Ilias Velidis, 41 ans, est venu en voisin. Il habite quelques rues en contrebas de la place Omonia, quartier historique de la gauche grecque devenu le symbole de la paupérisation d’Athènes. C’est là que le leader de la coalition de gauche radicale (Syriza), Alexis Tsipras, donnait, jeudi 14 juin, son dernier grand meeting de campagne.

"Vous allez voir, c’est un spectacle", dit Ioannis, à peine moins réjoui que la fillette juchée sur ses épaules.

Au même moment, le cortège du Syriza arrive de la place Monastiraki au son du Chant des partisans.

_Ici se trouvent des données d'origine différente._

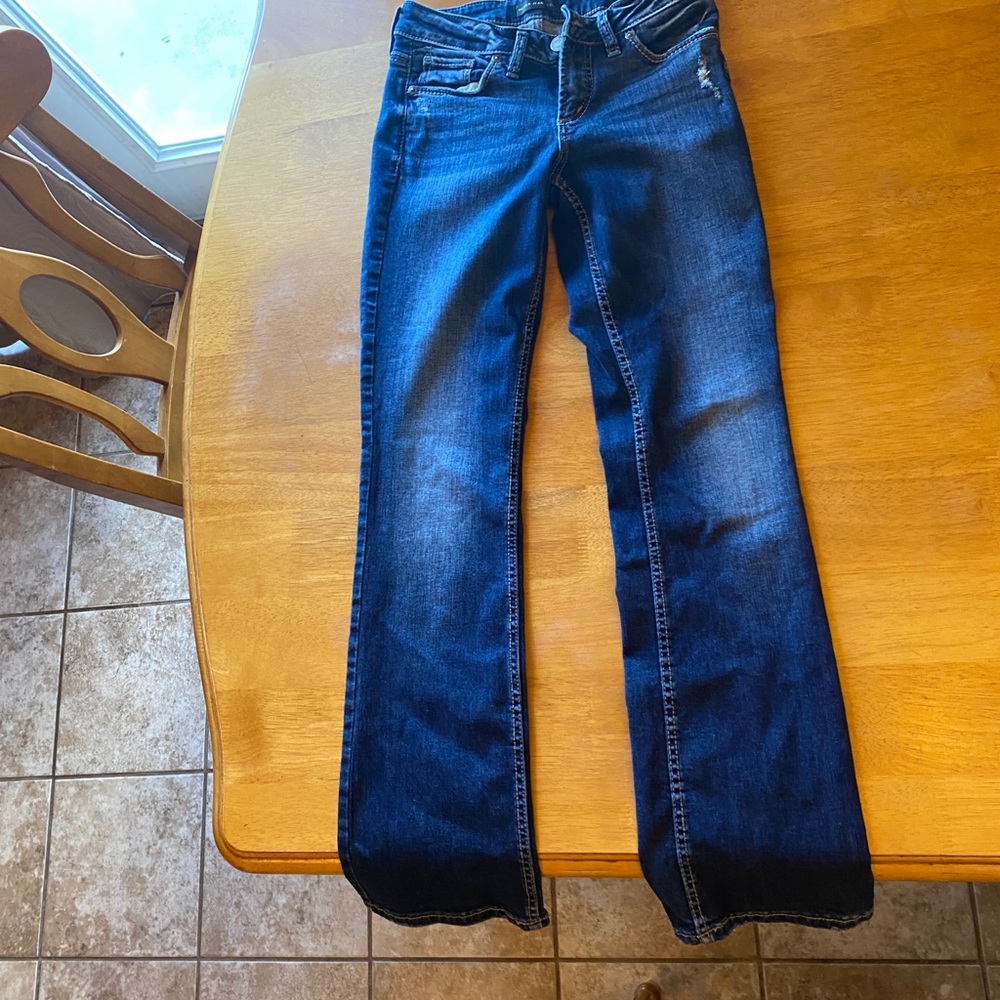 women’s jeans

On agite des drapeaux, on s’embrasse, on sourit, on grignote... Les militants croient plus que jamais à la victoire de leur "Alexis" aux élections législatives de dimanche 17 juin, et leur enthousiasme fait un temps oublier la morosité d’une campagne marquée par le poids de la crise et la défiance vis-à-vis des partis politiques.

Le 6 mai, le Syriza a créé la surprise en récoltant 16,8 % des suffrages, soit 52 sièges au Parlement. La coalition - qui regroupe une dizaine de partis - s’est classée deuxième, juste derrière les conservateurs de Nouvelle Démocratie mais devant les socialistes du Pasok. Dans cette configuration, aucune majorité ne s’est détachée, il faut revoter.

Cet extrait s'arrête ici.